About this exercise: From the line that contains "Jörg Herrmann, Silhouettenfilm-Macher, arbeitet" down to the last line of the listing below, reproduce each line exactly but not the pictures.
==== Dataset content ====
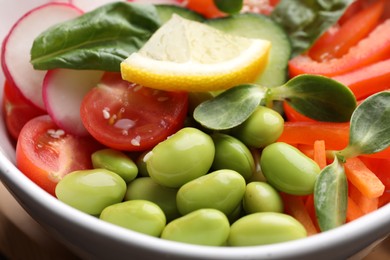 Closeup view of poke bowl with salmon, edamame beans and vegetables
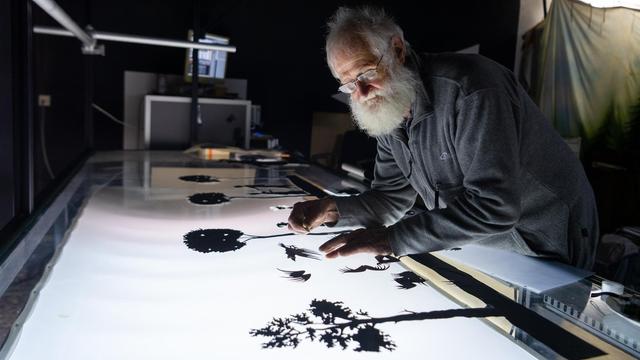 Jörg Herrmann, Silhouettenfilm-Macher, arbeitet in seiner Werkstatt an einer Filmszene. Trotz der modernen Technik pflegt der 77-Jährige die alte Kunst der manuellen Silhouettenanimation. Er ist einer der letzten aktiven Silhouettenfilmer weltweit.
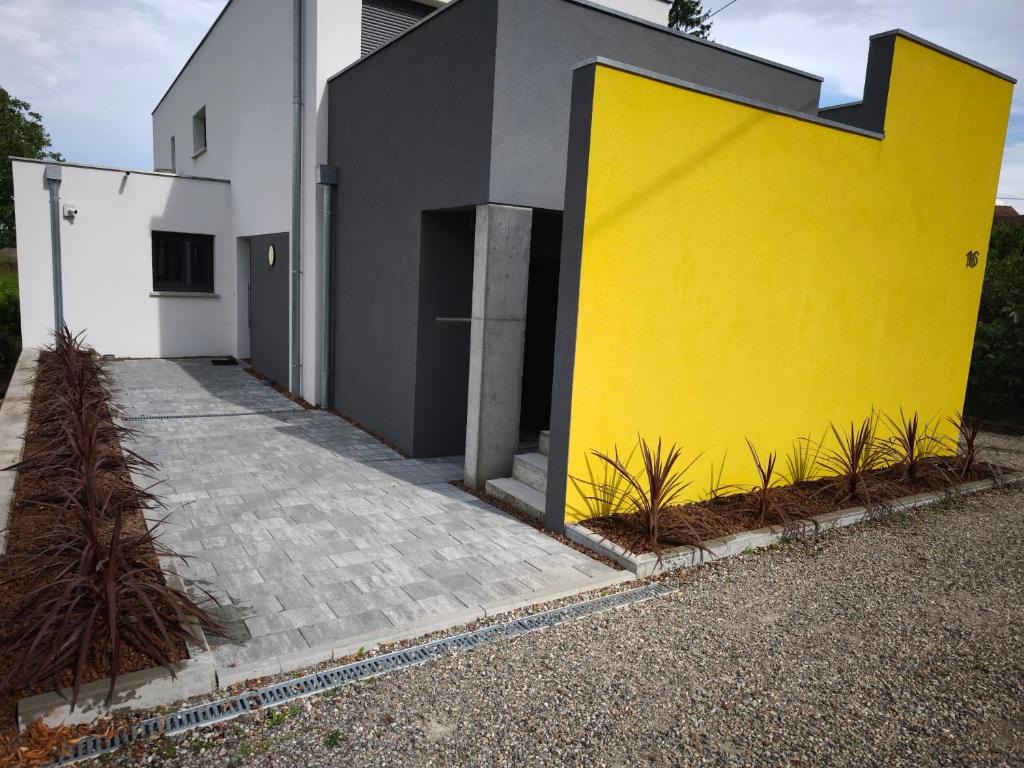 un mur jaune à côté d'un bâtiment blanc dans l'établissement Près colmar 6, à Wolfgantzen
====
Response to the exercise:
 Jörg Herrmann, Silhouettenfilm-Macher, arbeitet in seiner Werkstatt an einer Filmszene. Trotz der modernen Technik pflegt der 77-Jährige die alte Kunst der manuellen Silhouettenanimation. Er ist einer der letzten aktiven Silhouettenfilmer weltweit.
 un mur jaune à côté d'un bâtiment blanc dans l'établissement Près colmar 6, à Wolfgantzen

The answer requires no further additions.